BEGIN
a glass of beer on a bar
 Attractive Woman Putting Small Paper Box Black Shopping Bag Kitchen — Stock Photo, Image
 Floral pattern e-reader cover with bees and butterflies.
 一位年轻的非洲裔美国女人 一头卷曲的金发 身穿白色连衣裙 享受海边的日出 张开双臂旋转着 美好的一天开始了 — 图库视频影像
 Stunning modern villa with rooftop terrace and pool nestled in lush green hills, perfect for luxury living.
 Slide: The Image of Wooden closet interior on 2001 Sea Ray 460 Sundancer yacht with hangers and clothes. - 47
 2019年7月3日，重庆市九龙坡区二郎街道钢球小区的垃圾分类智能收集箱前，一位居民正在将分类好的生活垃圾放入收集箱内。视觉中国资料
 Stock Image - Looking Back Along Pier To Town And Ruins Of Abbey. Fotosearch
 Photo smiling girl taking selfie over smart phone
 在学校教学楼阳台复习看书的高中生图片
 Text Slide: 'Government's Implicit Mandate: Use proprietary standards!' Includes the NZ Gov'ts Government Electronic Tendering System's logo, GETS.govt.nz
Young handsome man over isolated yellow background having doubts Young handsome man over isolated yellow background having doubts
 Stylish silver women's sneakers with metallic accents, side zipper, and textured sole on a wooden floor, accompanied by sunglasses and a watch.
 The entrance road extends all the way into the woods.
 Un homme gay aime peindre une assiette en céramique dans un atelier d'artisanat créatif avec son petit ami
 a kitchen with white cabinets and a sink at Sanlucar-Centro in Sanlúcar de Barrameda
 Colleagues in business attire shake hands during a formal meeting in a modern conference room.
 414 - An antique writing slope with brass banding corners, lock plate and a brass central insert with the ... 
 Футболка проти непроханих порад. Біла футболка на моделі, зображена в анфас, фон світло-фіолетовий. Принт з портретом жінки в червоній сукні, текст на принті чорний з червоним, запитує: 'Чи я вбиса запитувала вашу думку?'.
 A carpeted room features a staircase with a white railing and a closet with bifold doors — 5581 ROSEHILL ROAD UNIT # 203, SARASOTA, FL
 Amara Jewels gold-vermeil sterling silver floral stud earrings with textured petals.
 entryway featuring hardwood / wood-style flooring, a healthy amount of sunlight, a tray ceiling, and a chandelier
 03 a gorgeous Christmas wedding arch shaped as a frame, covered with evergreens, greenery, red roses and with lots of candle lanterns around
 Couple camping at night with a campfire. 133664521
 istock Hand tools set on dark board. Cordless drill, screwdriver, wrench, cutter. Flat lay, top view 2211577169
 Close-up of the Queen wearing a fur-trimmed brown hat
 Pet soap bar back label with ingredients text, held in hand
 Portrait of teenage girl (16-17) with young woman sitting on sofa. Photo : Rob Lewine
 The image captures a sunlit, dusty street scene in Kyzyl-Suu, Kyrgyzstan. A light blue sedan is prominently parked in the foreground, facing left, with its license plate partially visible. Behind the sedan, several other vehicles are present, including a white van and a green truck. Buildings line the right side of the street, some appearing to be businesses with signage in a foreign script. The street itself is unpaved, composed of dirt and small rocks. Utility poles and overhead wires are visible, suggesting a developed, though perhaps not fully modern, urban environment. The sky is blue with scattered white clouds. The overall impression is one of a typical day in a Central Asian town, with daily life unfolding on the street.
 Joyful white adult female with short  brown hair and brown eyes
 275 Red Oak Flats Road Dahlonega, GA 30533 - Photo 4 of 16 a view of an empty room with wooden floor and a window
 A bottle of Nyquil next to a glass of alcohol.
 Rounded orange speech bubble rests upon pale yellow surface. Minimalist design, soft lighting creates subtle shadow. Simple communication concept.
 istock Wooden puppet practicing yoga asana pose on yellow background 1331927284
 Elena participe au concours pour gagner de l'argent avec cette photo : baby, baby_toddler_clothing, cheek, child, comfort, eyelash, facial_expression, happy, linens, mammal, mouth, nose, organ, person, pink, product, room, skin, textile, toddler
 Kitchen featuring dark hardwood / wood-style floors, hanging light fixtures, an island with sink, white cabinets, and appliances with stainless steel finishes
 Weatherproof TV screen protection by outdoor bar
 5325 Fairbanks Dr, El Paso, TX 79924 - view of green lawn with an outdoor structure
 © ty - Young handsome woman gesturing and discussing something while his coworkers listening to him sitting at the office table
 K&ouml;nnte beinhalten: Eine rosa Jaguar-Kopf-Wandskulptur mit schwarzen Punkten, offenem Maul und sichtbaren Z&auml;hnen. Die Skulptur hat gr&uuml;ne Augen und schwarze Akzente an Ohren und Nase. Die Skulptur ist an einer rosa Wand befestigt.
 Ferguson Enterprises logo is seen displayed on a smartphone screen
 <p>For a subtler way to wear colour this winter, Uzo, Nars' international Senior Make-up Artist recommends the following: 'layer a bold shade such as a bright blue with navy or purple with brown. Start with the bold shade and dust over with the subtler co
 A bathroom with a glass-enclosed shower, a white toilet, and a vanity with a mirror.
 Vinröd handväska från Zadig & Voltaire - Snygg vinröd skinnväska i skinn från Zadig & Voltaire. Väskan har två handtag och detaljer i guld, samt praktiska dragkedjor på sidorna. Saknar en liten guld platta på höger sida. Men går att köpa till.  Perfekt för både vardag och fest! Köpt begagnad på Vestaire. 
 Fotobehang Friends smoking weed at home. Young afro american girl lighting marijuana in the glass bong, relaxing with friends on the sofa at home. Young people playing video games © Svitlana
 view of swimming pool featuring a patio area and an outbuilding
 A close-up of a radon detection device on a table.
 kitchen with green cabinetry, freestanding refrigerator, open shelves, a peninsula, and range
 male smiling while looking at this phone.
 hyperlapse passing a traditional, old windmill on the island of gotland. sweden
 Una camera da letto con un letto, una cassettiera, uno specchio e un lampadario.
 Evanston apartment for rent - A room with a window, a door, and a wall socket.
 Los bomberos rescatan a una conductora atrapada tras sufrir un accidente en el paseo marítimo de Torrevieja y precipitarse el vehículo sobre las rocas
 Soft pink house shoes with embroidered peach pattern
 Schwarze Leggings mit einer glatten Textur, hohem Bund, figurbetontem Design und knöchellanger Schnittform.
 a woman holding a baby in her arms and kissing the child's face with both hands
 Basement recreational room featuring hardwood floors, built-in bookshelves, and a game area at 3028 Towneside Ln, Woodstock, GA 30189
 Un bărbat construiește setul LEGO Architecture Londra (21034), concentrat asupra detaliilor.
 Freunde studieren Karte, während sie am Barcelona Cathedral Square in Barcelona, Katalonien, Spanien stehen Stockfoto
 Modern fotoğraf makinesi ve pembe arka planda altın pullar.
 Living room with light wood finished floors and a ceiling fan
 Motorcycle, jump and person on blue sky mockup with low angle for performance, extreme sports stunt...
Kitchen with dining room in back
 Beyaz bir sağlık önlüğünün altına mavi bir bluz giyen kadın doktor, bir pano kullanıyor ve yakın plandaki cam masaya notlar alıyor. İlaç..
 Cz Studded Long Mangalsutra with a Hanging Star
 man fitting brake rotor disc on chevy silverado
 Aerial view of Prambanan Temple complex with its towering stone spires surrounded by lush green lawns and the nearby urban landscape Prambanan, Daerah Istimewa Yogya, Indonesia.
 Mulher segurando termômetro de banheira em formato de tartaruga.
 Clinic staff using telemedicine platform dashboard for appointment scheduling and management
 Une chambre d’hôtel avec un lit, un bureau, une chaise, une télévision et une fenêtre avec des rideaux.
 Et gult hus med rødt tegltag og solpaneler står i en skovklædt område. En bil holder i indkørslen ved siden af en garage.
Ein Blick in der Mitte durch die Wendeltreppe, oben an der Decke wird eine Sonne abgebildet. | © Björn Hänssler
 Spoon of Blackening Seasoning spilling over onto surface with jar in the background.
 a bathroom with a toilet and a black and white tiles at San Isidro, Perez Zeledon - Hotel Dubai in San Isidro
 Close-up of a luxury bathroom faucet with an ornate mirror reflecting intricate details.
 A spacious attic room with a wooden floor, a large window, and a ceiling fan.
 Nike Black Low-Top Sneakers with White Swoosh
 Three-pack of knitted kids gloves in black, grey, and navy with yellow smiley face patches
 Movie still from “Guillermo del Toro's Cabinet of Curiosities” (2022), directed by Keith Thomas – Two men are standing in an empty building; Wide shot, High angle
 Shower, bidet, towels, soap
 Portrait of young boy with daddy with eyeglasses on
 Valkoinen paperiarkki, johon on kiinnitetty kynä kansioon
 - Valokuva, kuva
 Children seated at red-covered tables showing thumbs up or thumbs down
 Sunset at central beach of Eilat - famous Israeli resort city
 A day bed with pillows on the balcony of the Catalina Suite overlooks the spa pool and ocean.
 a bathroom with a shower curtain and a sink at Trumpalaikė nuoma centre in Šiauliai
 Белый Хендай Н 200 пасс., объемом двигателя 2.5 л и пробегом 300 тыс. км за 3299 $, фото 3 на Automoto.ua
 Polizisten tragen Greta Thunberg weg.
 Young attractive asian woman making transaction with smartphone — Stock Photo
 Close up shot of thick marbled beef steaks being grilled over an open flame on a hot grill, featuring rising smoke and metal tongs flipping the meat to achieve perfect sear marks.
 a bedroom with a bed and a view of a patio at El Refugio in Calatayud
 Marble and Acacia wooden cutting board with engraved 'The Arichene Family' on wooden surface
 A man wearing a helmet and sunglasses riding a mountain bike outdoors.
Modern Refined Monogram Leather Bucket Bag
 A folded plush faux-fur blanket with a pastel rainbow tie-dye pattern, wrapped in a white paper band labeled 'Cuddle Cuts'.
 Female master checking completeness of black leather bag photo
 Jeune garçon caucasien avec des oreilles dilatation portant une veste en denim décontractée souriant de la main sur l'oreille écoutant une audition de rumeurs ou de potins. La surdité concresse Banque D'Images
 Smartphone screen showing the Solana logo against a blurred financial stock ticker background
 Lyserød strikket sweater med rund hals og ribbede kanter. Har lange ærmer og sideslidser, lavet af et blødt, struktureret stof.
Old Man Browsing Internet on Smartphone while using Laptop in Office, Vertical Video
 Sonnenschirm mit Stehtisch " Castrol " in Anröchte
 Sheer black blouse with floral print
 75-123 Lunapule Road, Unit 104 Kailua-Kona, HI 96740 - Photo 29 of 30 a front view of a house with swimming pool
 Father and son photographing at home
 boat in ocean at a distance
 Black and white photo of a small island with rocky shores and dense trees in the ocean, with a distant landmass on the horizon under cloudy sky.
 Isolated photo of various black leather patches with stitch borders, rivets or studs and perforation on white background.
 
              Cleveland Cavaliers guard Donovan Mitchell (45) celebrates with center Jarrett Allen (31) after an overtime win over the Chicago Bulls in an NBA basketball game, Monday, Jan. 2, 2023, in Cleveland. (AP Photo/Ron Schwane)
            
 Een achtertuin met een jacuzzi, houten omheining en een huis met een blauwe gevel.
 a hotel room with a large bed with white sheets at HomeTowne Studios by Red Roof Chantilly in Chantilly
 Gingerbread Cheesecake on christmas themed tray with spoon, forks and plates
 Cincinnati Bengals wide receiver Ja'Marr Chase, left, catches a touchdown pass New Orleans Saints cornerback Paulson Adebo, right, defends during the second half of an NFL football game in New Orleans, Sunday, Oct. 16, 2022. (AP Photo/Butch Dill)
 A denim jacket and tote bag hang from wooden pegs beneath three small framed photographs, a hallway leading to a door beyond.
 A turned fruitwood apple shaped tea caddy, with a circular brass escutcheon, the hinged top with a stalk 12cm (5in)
END
Aim of the task: Within the listing above, extract exactly the lines from the line with "Polizisten tragen Greta Thunberg weg." to the line with "boat in ocean at a distance", the two named lines included, and no others.

Written answer:
 Polizisten tragen Greta Thunberg weg.
 Young attractive asian woman making transaction with smartphone — Stock Photo
 Close up shot of thick marbled beef steaks being grilled over an open flame on a hot grill, featuring rising smoke and metal tongs flipping the meat to achieve perfect sear marks.
 a bedroom with a bed and a view of a patio at El Refugio in Calatayud
 Marble and Acacia wooden cutting board with engraved 'The Arichene Family' on wooden surface
 A man wearing a helmet and sunglasses riding a mountain bike outdoors.
Modern Refined Monogram Leather Bucket Bag
 A folded plush faux-fur blanket with a pastel rainbow tie-dye pattern, wrapped in a white paper band labeled 'Cuddle Cuts'.
 Female master checking completeness of black leather bag photo
 Jeune garçon caucasien avec des oreilles dilatation portant une veste en denim décontractée souriant de la main sur l'oreille écoutant une audition de rumeurs ou de potins. La surdité concresse Banque D'Images
 Smartphone screen showing the Solana logo against a blurred financial stock ticker background
 Lyserød strikket sweater med rund hals og ribbede kanter. Har lange ærmer og sideslidser, lavet af et blødt, struktureret stof.
Old Man Browsing Internet on Smartphone while using Laptop in Office, Vertical Video
 Sonnenschirm mit Stehtisch " Castrol " in Anröchte
 Sheer black blouse with floral print
 75-123 Lunapule Road, Unit 104 Kailua-Kona, HI 96740 - Photo 29 of 30 a front view of a house with swimming pool
 Father and son photographing at home
 boat in ocean at a distance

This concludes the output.